[Task statement]
With spelling and spacing unchanged, write out each line of the material.

[Supplied information]
======
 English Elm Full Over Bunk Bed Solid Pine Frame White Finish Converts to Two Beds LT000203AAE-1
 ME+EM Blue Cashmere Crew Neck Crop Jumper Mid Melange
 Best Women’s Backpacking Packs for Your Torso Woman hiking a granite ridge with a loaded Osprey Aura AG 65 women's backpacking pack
======
[Response]
 English Elm Full Over Bunk Bed Solid Pine Frame White Finish Converts to Two Beds LT000203AAE-1
 ME+EM Blue Cashmere Crew Neck Crop Jumper Mid Melange
 Best Women’s Backpacking Packs for Your Torso Woman hiking a granite ridge with a loaded Osprey Aura AG 65 women's backpacking pack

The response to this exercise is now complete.